Spotlighting some 35 important areas worldwide -such as Ramsar, World Heritage sites and Protected Areas -this electronic guide also explains the species and habitats they seek to protect as well as in their legal status and the extent to which local communities are present.
"The A-Z guide is a useful reference to support business and other sectors with their biodiversity commitments to mark our contribution to the Year of Biodiversity," said Jon Hutton, Director of the United Nations Environment Programme-World Conservation Monitoring Centre (UNEP-WCMC) which created the guide in partnership with the International Council on Mining and Metals (ICMM), the International Petroleum Industry Environmental Conservation Association (IPIECA), the European Investment Bank (EIB), the Inter-American Development Bank (IDB) and the European Bank for Reconstruction and Development (EBRD).

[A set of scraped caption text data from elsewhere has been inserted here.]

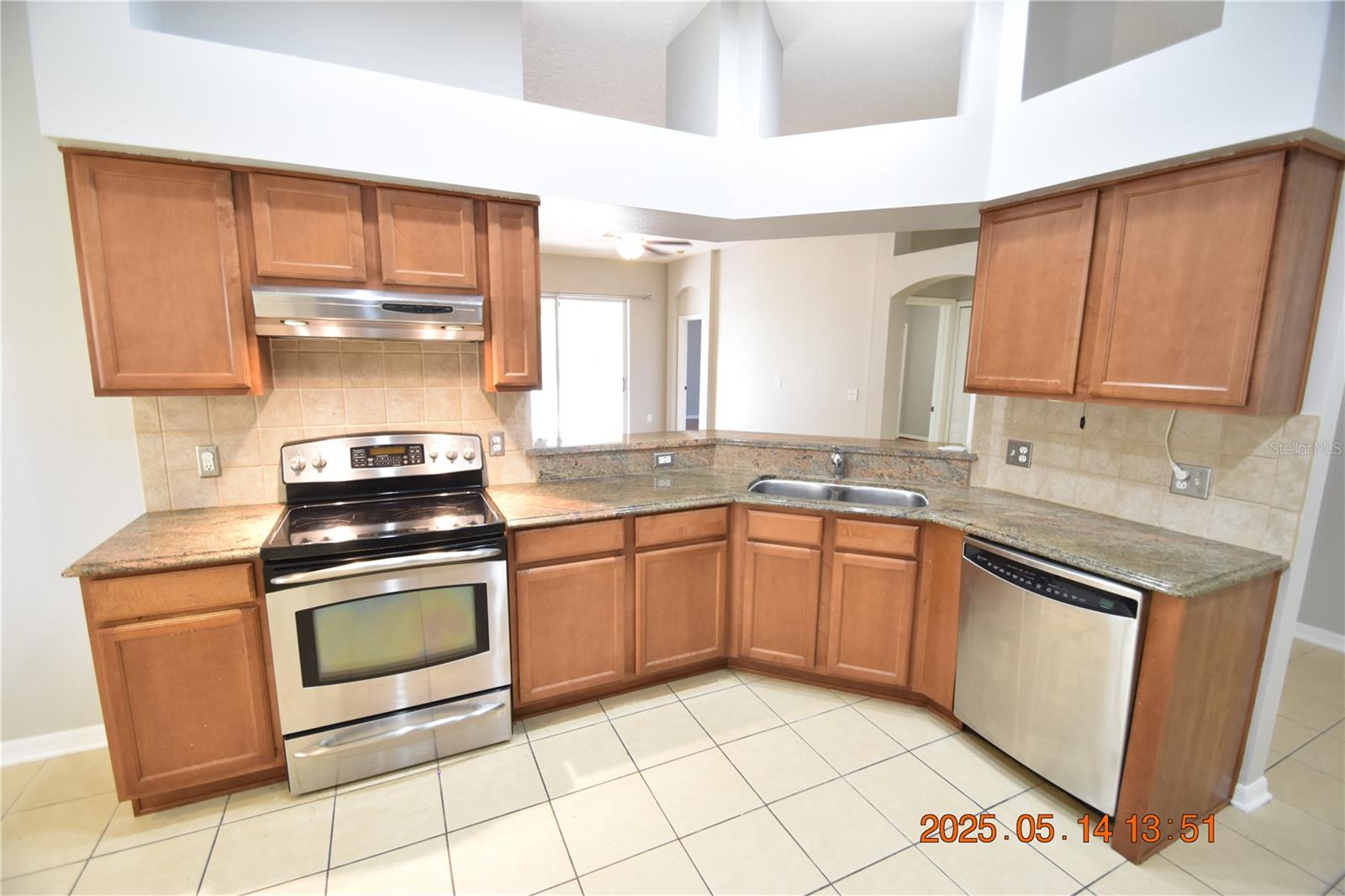 Image 12 of 44 For 4033 Huntingdale Court
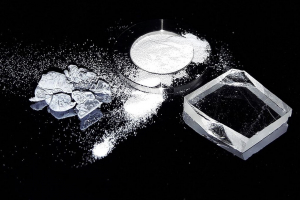 Calcium and fluorine signals in HS-LEIS for CaF2(111) and powder—Quantification of atomic surface concentrations using LiF(001), Ca, and Cu references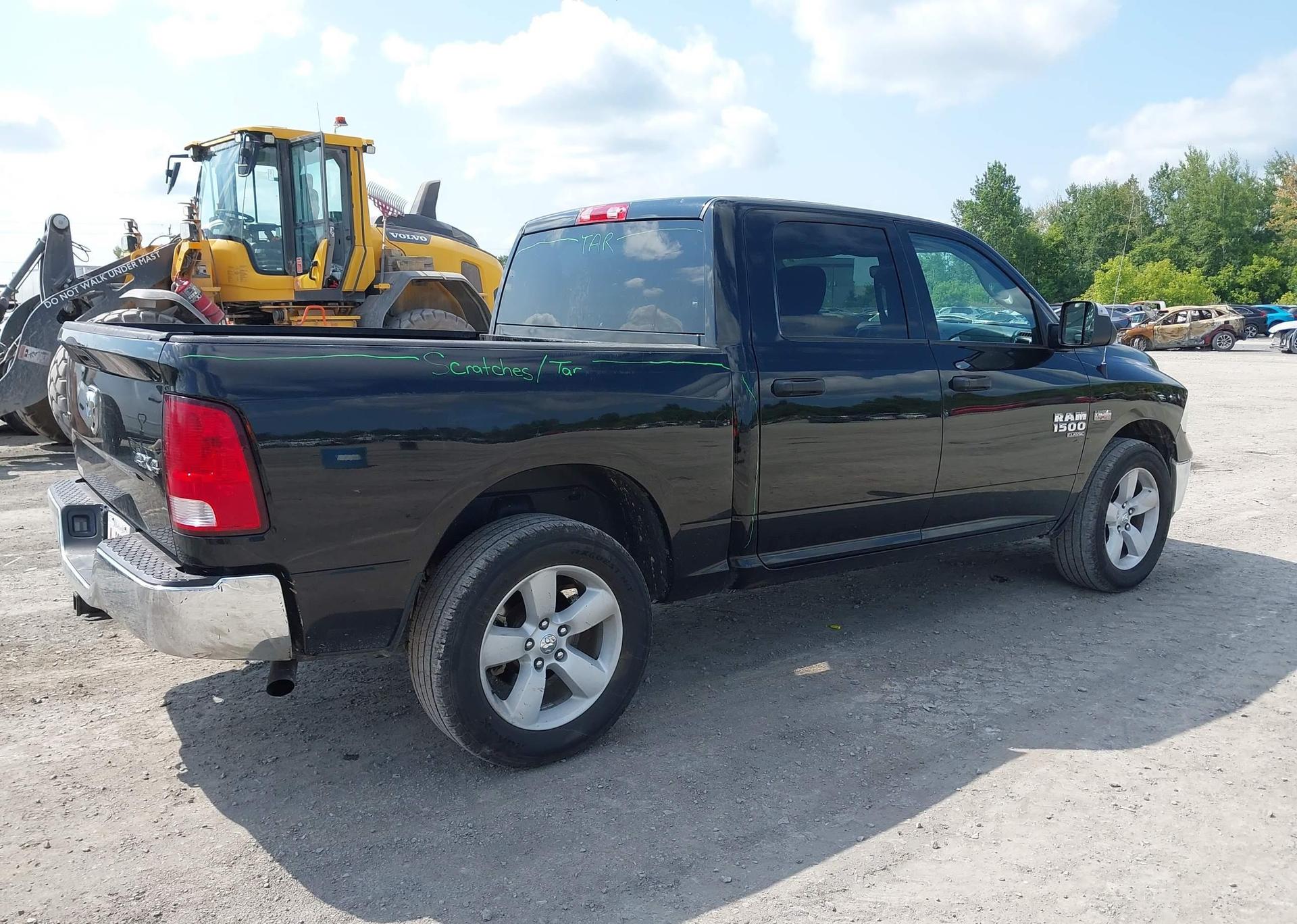 2023 RAM 1500 CLASSIC SLT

The guide, the first of its kind, is geared to assist the business community, governments as well as NGOs by providing useful expert reviewed information, links to tools with spatial data, and further online resources to raise awareness and support decision-making about areas important for biodiversity conservation.
"The A to Z guide is a useful tool to inform decisions by businesses on the siting of projects so as to minimize the environmental footprint and maximize conservation opportunities associated with infrastructure development," said Ernani Pilla, Natural Resources Senior Specialist of the IDB.
The guide also covers the criteria behind the management practices for protecting different areas and important information, like legal and compliance aspects as well as the biodiversity and socio-cultural values that need to be upheld in each location.